To Suffer is To Be Human

Professional people make mistakes. Some are minor, some idiotic, others catastrophic. Some are innocent, others not, some recoverable, many terminable. All professional people experience the suffering of failure and its consequences. Yet, we are not supposed to either acknowledge it or let it affect us. To do so is to deny our own humanity

Suffering in life takes on many forms. It can come at our own hands when we’ve done something regrettable or through the agency of other people. The question for us who are in the professional world is whether the suffering we experience has any value. Is there something to affirm in suffering, or is it simply an experience to avoid at all costs.

It was this question that came to me as I came to be introduced to Harry Potter. 


My Entrance into Harry Potter's World

I came late to the Harry Potter stories. All the reviews of the films and books had misled me to think that it is a story about the heroism and courage of a young boy at a school for wizards. For ten years, I could not muster the emotional energy to become involved in a story that is a children’s fantasy. Increasingly, my practical and intellectual interest is reality, the real world where people live and experience life. I’ve lived far too long diverted by spin and pseudo-reality. The world we live in, I find, is filled with fantasy, or rather it is an artificial world of escapist dreams. The diversion of fantasy can have the salutary effect of buffeting us against the suffering we may experience in real life. Yet, it is when we face reality that we discover aspects about our lives and ourselves that living in a dream world doesn’t afford. Ultimately, living in a fantasy world makes it more difficult to face the realities that beg for us to pay attention.

Recently, I listened to an interview with David Yates, director, and David Heyman, producer of the latest Harry Potter movie, Harry Potter and the Order of the Phoenix, which compelled me to enter Harry’s world. The way they described the movie helped me to see that there was more than a children’s fantasy tale in J.K. Rowling’s story. So, over the course of one week, I watched the five HP films in order. I came away from viewing the series with a deep desire to read the stories, and will soon, and to reflect on their meaning for our time.

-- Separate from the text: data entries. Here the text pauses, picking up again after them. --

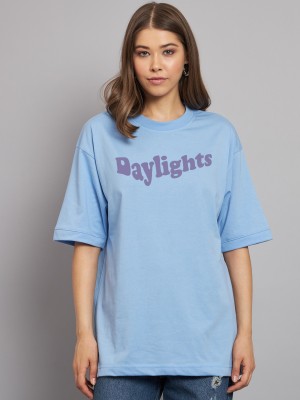 Moyzikh Printed, Typography Women Round Neck Light Blue T-Shirt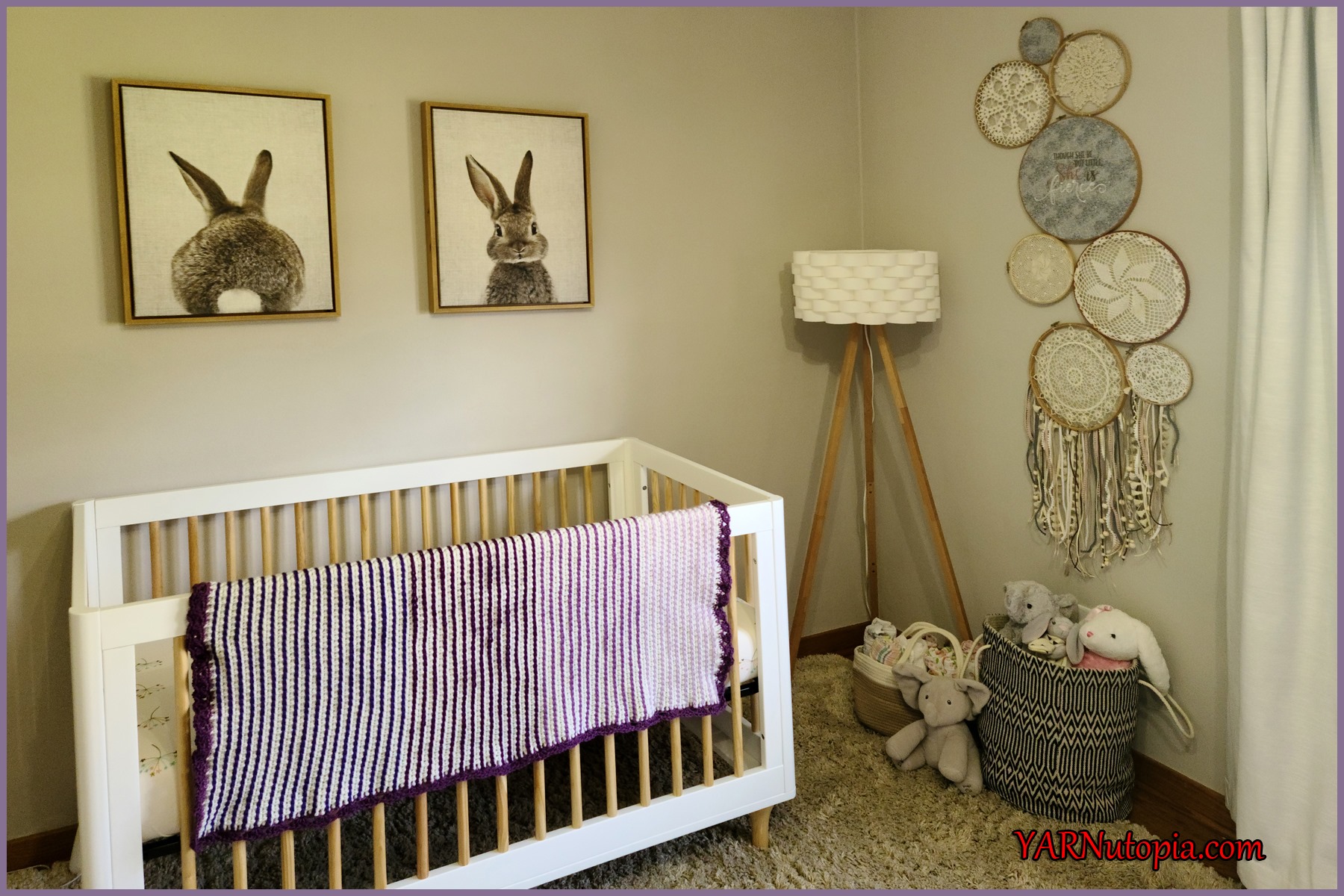 FREE Written Crochet Pattern: Ombre Striped Baby Blanket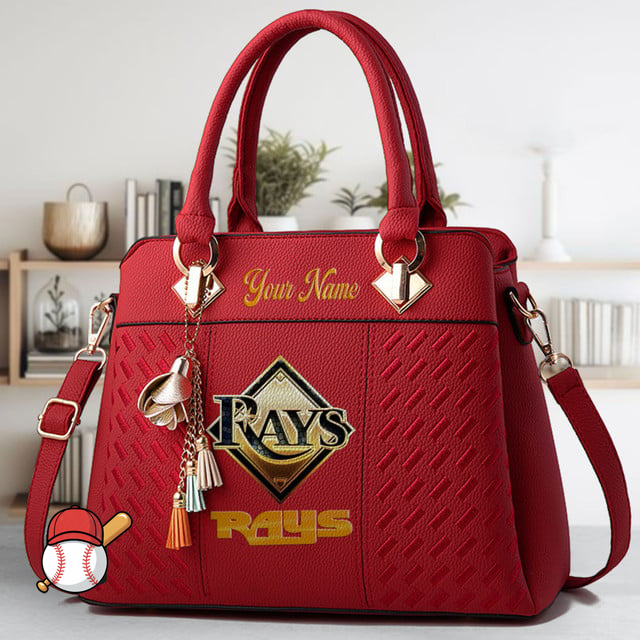 LIMITED EDITION - NEW CUSTOMIZED MLB21 TBR TAMPA BAY RAYS ZIP HANDBAG MULTICOLOR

Harry Potter, the heroic sufferer

Harry Potter was born into suffering through the death of his parents. The experience of suffering for Harry continues through his mistreatment by the Dursleys, the peer abuse of the Sliveran punks, and then through the long series of attacks by Lord Voldemort. Of the reviews that I’ve read over the years, what stands out to people is Harry’s courage in the face of danger. It is certainly there, but what makes Harry the most unique hero of time, in league with Frodo Baggins of The Lord of the Rings, is the effect that suffering has upon how he lives his life. His strength in facing danger and tragedy has been born in suffering. During one of the movies, Harry comments that what he is facing is no worse than the loss of his parents and the abuse of the Dursleys. Suffering is the core of his life experience. It has made him the heroic figure that he is. As the child who lived, he lives not because of some magic ability, but because of the strength of character that comes through suffering.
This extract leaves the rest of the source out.